*Assigned task*: For the material below, return exactly the lines starting at the line containing "Even though my" and ending at the line containing "To perform this", both ends included, and no others.

*Listed entries*:
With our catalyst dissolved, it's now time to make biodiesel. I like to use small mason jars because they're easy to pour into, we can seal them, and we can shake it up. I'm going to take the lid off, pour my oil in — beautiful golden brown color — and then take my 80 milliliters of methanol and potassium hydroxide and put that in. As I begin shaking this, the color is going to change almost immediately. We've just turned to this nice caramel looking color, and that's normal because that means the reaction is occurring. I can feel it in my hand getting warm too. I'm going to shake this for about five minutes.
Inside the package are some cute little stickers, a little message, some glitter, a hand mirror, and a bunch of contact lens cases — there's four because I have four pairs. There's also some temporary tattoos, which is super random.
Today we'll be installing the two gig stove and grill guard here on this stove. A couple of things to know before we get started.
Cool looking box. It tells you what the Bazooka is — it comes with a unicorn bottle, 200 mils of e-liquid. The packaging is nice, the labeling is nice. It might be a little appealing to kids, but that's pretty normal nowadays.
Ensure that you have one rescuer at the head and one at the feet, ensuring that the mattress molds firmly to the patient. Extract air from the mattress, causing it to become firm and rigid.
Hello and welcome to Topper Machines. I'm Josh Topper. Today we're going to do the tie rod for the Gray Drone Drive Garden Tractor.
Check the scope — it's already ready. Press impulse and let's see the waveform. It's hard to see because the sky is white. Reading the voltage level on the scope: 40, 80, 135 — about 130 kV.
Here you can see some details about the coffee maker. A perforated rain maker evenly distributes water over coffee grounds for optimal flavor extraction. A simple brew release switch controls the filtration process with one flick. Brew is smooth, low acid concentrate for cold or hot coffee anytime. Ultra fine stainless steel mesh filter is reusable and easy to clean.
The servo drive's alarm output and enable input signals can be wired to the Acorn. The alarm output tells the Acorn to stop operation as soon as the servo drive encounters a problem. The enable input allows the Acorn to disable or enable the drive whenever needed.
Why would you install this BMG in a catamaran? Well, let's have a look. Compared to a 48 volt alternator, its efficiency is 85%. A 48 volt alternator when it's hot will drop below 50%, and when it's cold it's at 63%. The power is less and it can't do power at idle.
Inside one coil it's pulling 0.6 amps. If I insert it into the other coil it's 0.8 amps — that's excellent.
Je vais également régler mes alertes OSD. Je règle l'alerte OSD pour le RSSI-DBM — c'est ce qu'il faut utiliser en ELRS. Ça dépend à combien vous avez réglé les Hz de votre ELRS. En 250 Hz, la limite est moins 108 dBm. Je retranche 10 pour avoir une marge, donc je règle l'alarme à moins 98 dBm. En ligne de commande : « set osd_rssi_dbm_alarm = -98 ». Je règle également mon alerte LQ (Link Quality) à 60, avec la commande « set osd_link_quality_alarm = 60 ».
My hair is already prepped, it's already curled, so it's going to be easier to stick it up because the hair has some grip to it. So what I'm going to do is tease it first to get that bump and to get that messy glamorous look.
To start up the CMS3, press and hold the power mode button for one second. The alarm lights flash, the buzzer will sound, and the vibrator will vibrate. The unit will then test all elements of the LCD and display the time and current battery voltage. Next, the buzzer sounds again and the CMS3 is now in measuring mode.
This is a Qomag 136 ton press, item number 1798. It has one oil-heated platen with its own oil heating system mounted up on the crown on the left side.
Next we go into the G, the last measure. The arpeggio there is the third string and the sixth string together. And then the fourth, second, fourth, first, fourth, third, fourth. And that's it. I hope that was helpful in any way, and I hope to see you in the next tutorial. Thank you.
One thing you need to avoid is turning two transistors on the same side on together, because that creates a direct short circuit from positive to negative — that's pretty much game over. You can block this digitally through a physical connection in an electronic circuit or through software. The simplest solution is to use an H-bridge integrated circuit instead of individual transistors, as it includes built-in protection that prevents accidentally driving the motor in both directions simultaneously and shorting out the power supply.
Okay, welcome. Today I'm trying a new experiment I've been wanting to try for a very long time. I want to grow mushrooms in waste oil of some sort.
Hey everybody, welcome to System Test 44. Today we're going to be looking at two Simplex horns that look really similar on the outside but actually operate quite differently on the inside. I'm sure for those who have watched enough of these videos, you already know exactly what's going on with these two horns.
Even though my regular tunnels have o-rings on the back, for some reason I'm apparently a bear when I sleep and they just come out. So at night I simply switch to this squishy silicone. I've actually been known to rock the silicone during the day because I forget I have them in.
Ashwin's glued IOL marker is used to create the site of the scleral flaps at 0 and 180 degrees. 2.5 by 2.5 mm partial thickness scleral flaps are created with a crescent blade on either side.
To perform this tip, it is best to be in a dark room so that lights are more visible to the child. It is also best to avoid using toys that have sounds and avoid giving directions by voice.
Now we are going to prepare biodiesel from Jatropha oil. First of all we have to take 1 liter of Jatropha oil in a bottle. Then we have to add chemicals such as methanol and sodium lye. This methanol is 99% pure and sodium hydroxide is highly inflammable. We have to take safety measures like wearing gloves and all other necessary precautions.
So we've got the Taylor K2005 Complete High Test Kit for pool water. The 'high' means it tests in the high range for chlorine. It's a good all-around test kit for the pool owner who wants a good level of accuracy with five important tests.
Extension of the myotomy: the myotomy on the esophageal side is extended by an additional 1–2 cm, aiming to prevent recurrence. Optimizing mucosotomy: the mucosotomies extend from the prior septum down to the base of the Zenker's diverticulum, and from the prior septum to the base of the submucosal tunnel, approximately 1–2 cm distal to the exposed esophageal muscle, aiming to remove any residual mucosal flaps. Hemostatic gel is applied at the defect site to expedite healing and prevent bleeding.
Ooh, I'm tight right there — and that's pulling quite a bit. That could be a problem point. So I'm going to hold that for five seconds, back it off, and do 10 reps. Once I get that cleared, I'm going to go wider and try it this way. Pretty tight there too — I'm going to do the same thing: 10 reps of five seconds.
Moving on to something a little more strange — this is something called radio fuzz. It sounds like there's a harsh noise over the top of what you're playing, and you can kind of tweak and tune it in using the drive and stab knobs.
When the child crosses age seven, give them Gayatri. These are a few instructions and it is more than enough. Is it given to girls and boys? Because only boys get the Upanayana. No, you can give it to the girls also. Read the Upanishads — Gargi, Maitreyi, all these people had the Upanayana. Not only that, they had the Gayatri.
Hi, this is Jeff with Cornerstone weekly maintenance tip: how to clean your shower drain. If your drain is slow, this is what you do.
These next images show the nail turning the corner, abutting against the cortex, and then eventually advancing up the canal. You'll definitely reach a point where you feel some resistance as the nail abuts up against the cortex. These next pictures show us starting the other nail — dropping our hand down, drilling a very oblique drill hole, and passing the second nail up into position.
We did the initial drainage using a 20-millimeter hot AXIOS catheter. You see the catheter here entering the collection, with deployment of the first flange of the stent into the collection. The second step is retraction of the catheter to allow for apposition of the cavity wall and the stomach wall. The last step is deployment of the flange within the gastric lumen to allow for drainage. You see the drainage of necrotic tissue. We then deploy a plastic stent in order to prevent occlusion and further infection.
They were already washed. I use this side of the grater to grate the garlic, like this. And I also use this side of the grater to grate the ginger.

*Result for this task*:
Even though my regular tunnels have o-rings on the back, for some reason I'm apparently a bear when I sleep and they just come out. So at night I simply switch to this squishy silicone. I've actually been known to rock the silicone during the day because I forget I have them in.
Ashwin's glued IOL marker is used to create the site of the scleral flaps at 0 and 180 degrees. 2.5 by 2.5 mm partial thickness scleral flaps are created with a crescent blade on either side.
To perform this tip, it is best to be in a dark room so that lights are more visible to the child. It is also best to avoid using toys that have sounds and avoid giving directions by voice.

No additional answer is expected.